*** DATASET CONTENT ***

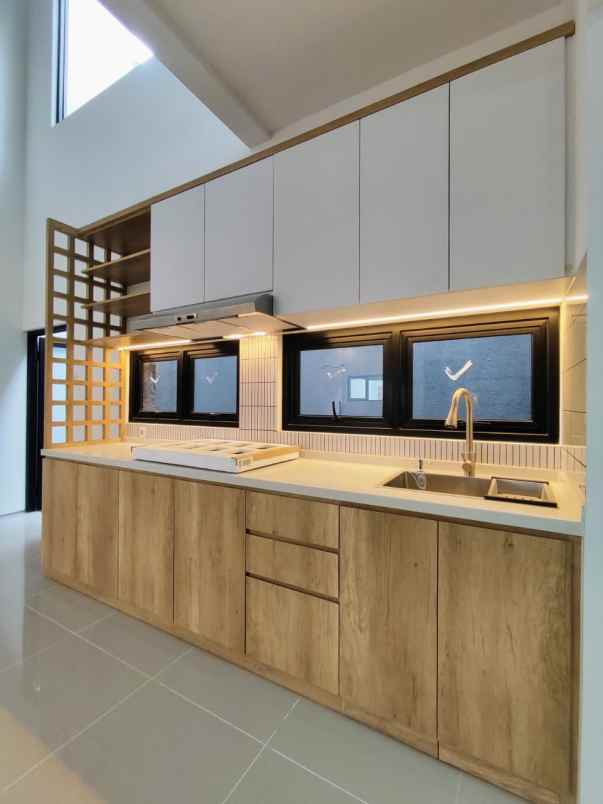 dijual rumah komplek turangga buahbatu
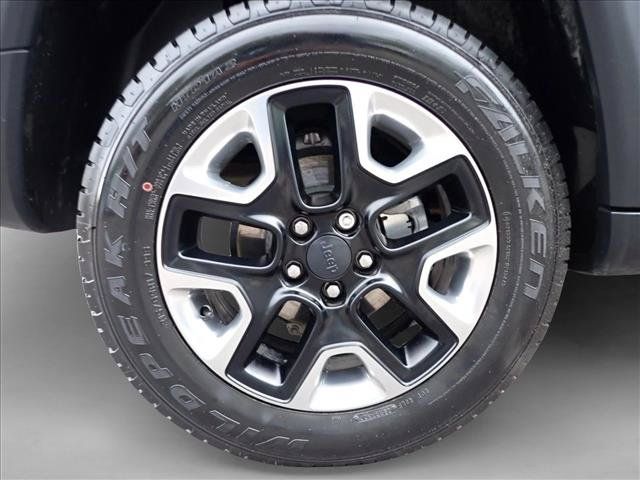 Used 2018 Jeep Compass Trailhawk w/ Leather Interior Group AWD/4WD image 7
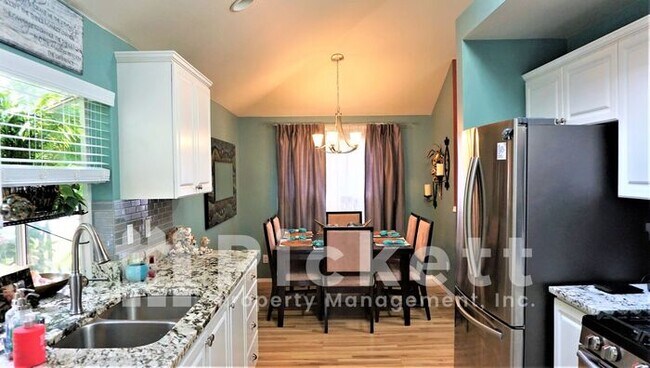 Foto del edificio - Adorable 2 Bedroom Silverdale Townhome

*** End of DATASET CONTENT ***

WHAT YOU ARE ASKED TO DO: Omit the pictures, and quote the material above exactly as given.

ANSWER BOX:
 dijual rumah komplek turangga buahbatu
 Used 2018 Jeep Compass Trailhawk w/ Leather Interior Group AWD/4WD image 7
 Foto del edificio - Adorable 2 Bedroom Silverdale Townhome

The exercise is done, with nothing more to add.